# EXERCISE MATERIAL:

++++++++

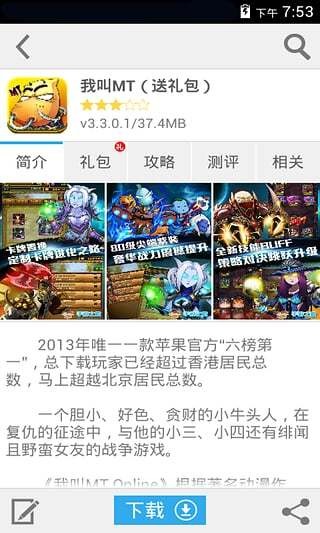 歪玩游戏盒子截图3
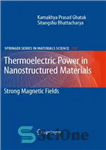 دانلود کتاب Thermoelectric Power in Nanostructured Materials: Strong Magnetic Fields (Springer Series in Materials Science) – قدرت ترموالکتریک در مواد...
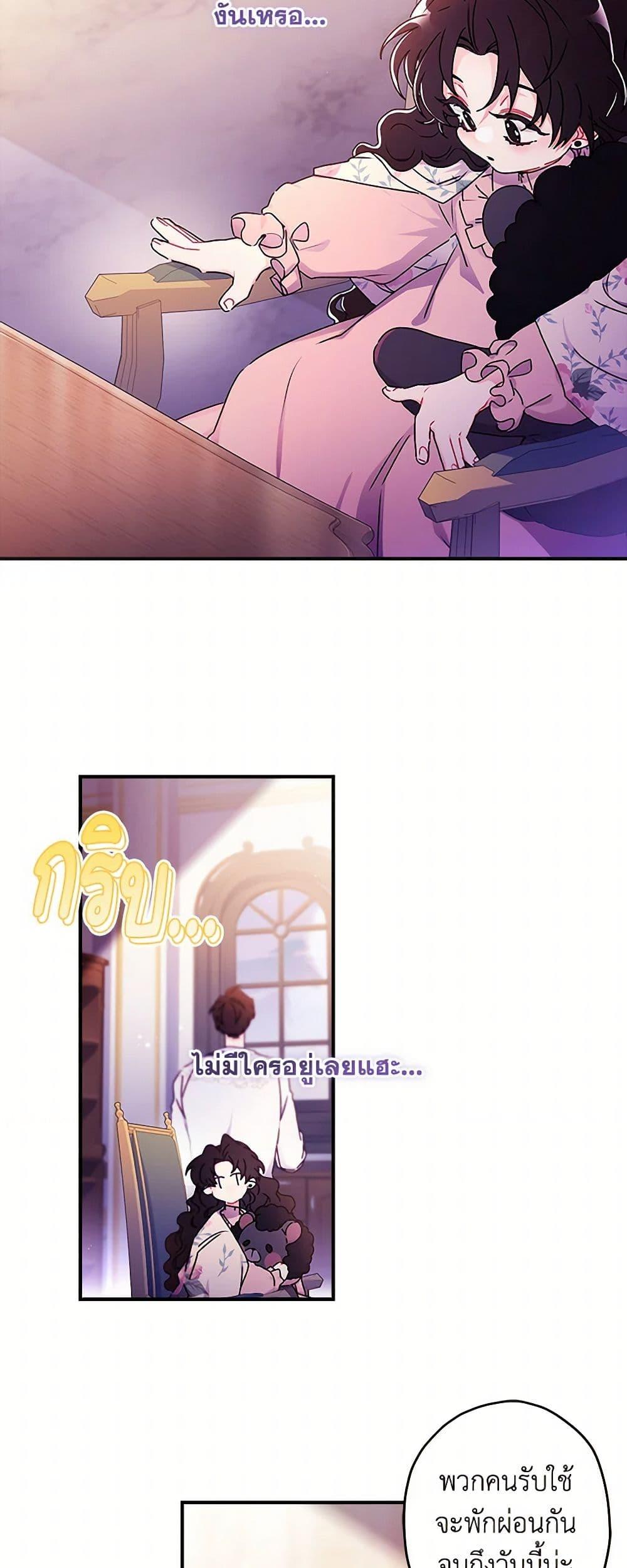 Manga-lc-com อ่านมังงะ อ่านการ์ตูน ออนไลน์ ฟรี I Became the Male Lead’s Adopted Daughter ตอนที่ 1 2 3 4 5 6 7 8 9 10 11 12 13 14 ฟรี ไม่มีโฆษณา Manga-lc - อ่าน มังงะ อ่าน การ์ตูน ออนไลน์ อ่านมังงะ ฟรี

++++++++

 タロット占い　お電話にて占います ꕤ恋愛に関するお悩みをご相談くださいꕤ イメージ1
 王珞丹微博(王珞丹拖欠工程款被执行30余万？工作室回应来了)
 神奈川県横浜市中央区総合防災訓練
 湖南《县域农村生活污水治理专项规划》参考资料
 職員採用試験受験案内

++++++++

Both the line containing "دانلود کتاب Thermoelectric" and the line containing "Manga-lc-com อ่านมังงะ อ่านการ์ตูน" above belong in the output, as do the lines between them. Print them exactly, without pictures.

# REPLY TO THE EXERCISE:
 دانلود کتاب Thermoelectric Power in Nanostructured Materials: Strong Magnetic Fields (Springer Series in Materials Science) – قدرت ترموالکتریک در مواد...
 Manga-lc-com อ่านมังงะ อ่านการ์ตูน ออนไลน์ ฟรี I Became the Male Lead’s Adopted Daughter ตอนที่ 1 2 3 4 5 6 7 8 9 10 11 12 13 14 ฟรี ไม่มีโฆษณา Manga-lc - อ่าน มังงะ อ่าน การ์ตูน ออนไลน์ อ่านมังงะ ฟรี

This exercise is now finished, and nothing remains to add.